汚い言い方をすると、人件費が高く、原材料の調達コストも高く、大量生産による規模の経済を発揮できない欧州が「自国有利」になる為の取組みと言わざるを得ない。排出原単位の高い中国、日本、韓国への牽制にもなるし、自国の産業を守ることが可能である。

(2) 天然ガス(LNG)火力発電が有利?

発電型式別の排出原単位についてはググれば出てくると思うので詳細は割愛するが、最新鋭石炭火力(USC)はLNG火力の大凡2倍程度。
ここでは、分かりやすく計算する為に、以下とする。

石炭火力 : 1.0 kg-CO2 / kWh
LNG火力 : 0.5 kg-CO2 / kWh
再エネ、原子力 : 0 (LCAは未考慮)

ここで電源構成を以下とし、24時間同じ比率で発電を行うとする。

石炭火力 : 30%
LNG火力 : 40%
原子力 : 10%
再エネ : 20%

このとき、排出原単位は0.5 kg-CO2 / kWhである。

ここで再エネ開発、原子力再稼働、新設が進み、以下電源構成となった場合を考える。

石炭火力 : 15%
LNG火力 : 20%
原子力 : 25%
再エネ : 40%

このとき、排出原単位は0.25 kg-CO2 / kWhまで低減される。上記の電源構成は日本において2035年でも達成困難と想定される。(原子力比率25%が非常に困難。再エネ40%も野心的)

しかし、この0.25という数字は以下と同じである。

石炭火力 : 0%
LNG火力 : 50%
原子力 : 25%
再エネ : 25%

再エネの開発がほとんど進まなくても、最初から天然ガスを燃やしていれば(原子力を稼働すれば)簡単に0.25を達成できてしまうのである。

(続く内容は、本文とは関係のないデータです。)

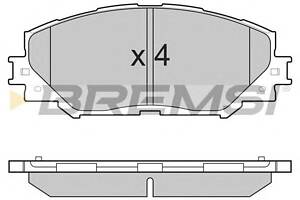 Гальмівні колодки пер. Toyota RAV4 06- (139,1x56x17,5)
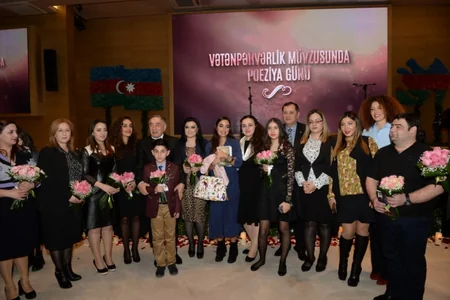 Leyla Əliyeva Qəbələdə keçirilən “Poeziya günü”ndə öz şeirlərini səsləndirib
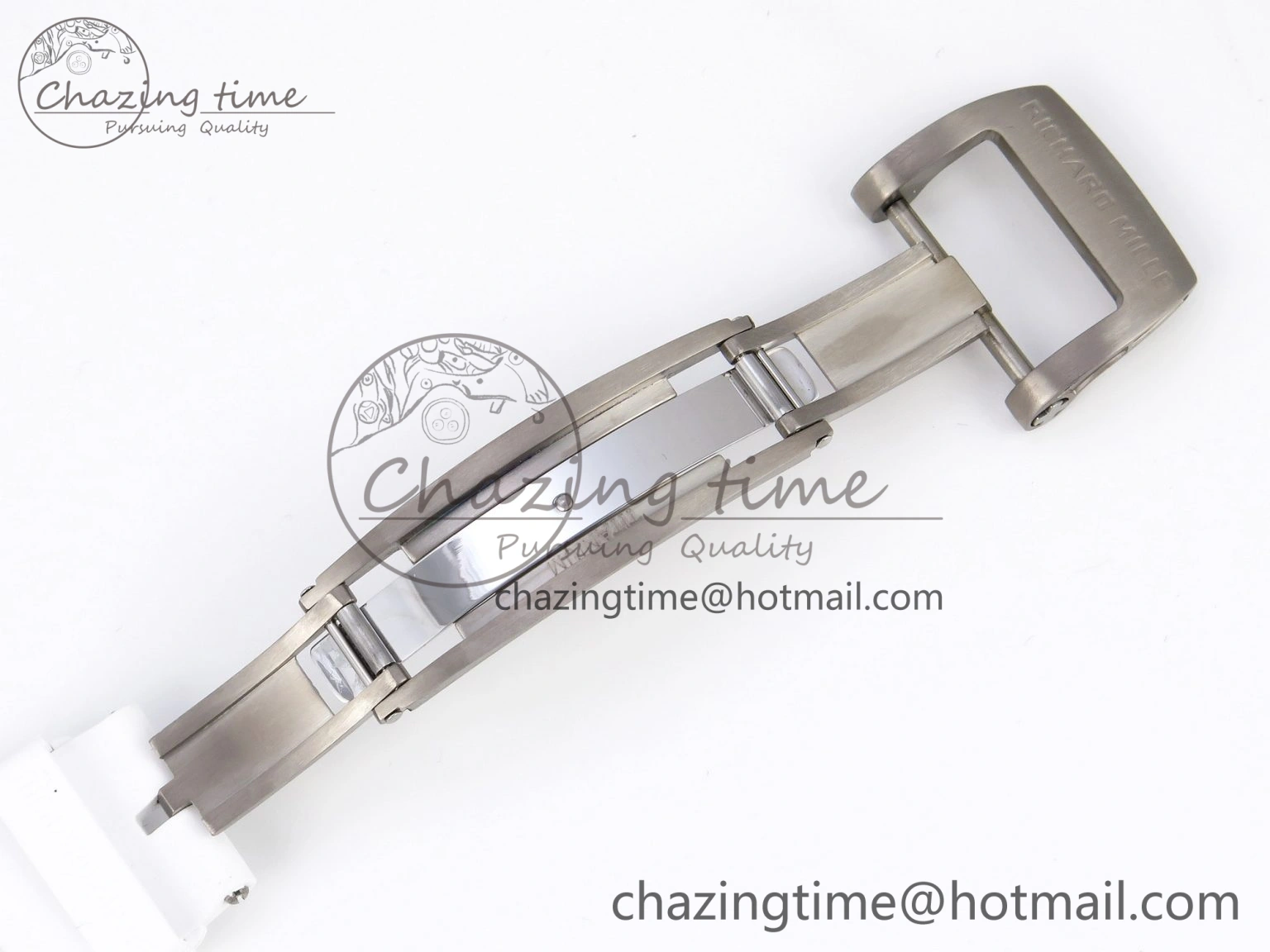 SmartChoice RM035 Transparent SONIC Best Edition Skeleton Blue Dial on White Nylon Strap Clone RMUL 9341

但し、天然ガスは本来気体燃料のため、ガスパイプラインを有しない国家においては、日本発の技術であるLNGとして輸送する必要があり、ガス資源へのアクセスが容易かどうかにより、ガス火力の経済性が大きく異なる。

要するに、日本等の天然ガス資源小国においてはCO2排出原単位を低減させる事は非常に困難なのである。

(3) 省エネの意味がない

徹底した省エネによりCO2の排出量を低減できても、電源構成が従前のままだとCO2排出原単位は小さくならない。

理由としては、石炭火力はLNG火力と比較して起動時間が長い(数十分での起動は出来ない)、最低負荷(%)が大きい等の理由により、軽負荷時の需給停止(計画的な運転停止)を行わない限りは、燃料費の高いLNG火力の稼働率がより低下する。
(カーボンプライジング導入後はこの限りではない。)

せっかく省エネにより火力発電の稼働率を低下させても、LNGばかり減負荷される様だと意味がなく、石炭火力の優先的停止、再エネ拡大は勿論、蓄電池による再エネ出力制御の他コマ供出によって初めて相応に原単位は小さくなる。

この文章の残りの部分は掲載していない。